We also went to Arlington National Cemetery.  Washington, DC was a planned city.  Originally both Maryland and Virginia gave up some land for the capital, which was a square more-or-less bisected by the Potomac River.  The government didn’t really do anything with the part of Washington that was on the Virginia side of the river, so  Virginia asked for that land back and got it.  Most, if not all, of that land is now part of the city of Arlington. Within Arlington, Virginia, is, unsurprisingly, Arlington National Cemetery. The centerpiece of Arlington National Cemetery is Arlington House, which is also the Robert E. Lee Memorial. The house was built by the step-grandson of George Washington, George Washington Parke Custis, whose daughter married Robert E. Lee.  Robert E. Lee considered Arlington House to be his home.

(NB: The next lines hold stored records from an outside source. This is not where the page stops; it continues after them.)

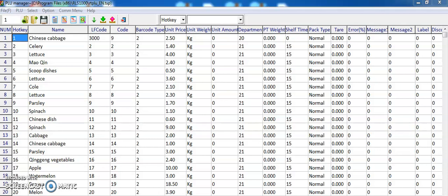Hey guys, today we're talking about the Rhonda software and RLS series. I will use two videos to explain the functions and settings. This one is part one, where we're talking about the PLU manager, and part two I will explain the label design.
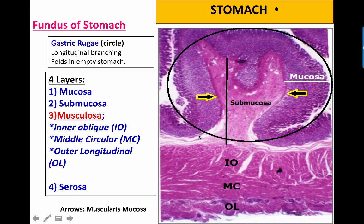Bismillah rahman rahim. Today we will describe the histology of the stomach. The fundus of the stomach is characterized by having longitudinal folds which are branched. These longitudinal folds are parallel to the long axis of the stomach, allowing the stomach to distend when it is full.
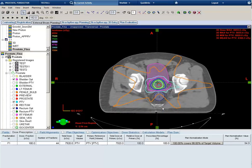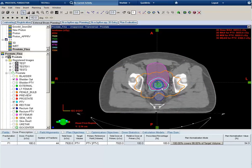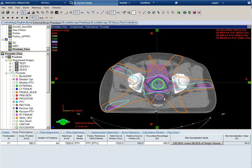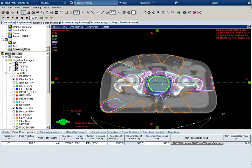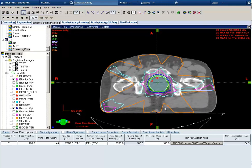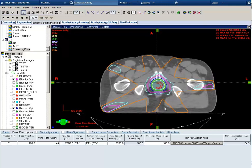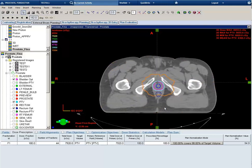Let's look at our isodose distribution. You can see the most superior slice we are underdosing the PTV, but everywhere else looks to be pretty good.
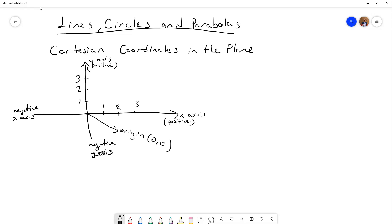On the negative x-axis we have minus one, minus two, and minus three, and also here we have negative numbers. This is the Cartesian coordinate system in the plane.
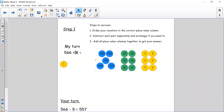Let's look at how this works in practice. My number sentence is 566 take away 8. Step one is to order my counters into the correct place value column. I have 566, so let's partition. I have five hundreds in my hundreds column, six tens — counting 10, 20, 30, 40, 50, 60 — in my tens column, and six ones in my ones column.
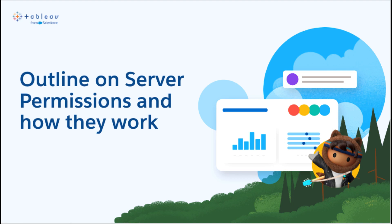Welcome to this beginner's guide to Tableau server permissions for workbooks or dashboards. In this video, we'll explore how server permissions work and how you can manage them to control access to your workbooks or dashboards and ensure data security. Let's get started!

During the Civil War, the government confiscated Arlington House and its grounds in part to punish Lee for leaving the United States Army to lead the Confederate Army.  The grounds were turned into a military cemetery in 1864, and bodies were buried close to the house with a goal of rendering the house uninhabitable.  After Lee’s death, Lee’s son later sued the United States government and the Supreme Court ruled that the house had been illegally seized and the government ended up buying the house and land from Lee’s son. So, that’s why there’s a mansion in the middle of the cemetery.  The mansion was there first.

While at Arlington National Cemetery, we visited the Tomb of the Unknowns, and the graves of John F. and Robert F. Kennedy. The Eternal Flame on John F. Kennedy’s grave has been upgraded since our visit.

We didn’t do much of the Smithsonian, though I remember visiting the Air and Space Museum, the Natural History Museum, and the National Museum of American History (more on those museums once I get around to 2011).  We spent most of our time on the National Mall visiting the memorials.  We climbed up the stairs of the Lincoln Memorial twice, once during the daytime and once at night.  We also took the elevator to the top of the Washington Monument.  Some of the monuments that are there today, such as the Korean and Vietnam War memorials, weren’t there yet.

National Mall looking east
The National Mall from the Washington Monument looking towards the Lincoln Memorial, 1979.

My parents and I visited the White House, as well.  I seem to recall that we entered through the North Portico, and the light fixture there certainly looks familiar.  It looks like my memory might actually be accurate.  The White House website says that the North Portico was “(o)nce the principal entrance to the White House for both the family and the public.”  These days it looks like the visitor tours leave through that door. It was a house.  A very nice house, but a house.  Not so much with books and plants (the rose garden is supposed to be very nice, but I don’t think we spent much time there).

At some point we took a side trip to Mount Vernon, which was where George and Martha Washington lived.  It was another historic house. I do remember George and Martha Washington’s graves and being disappointed that so many of the outbuildings were reconstructed and/or replicas.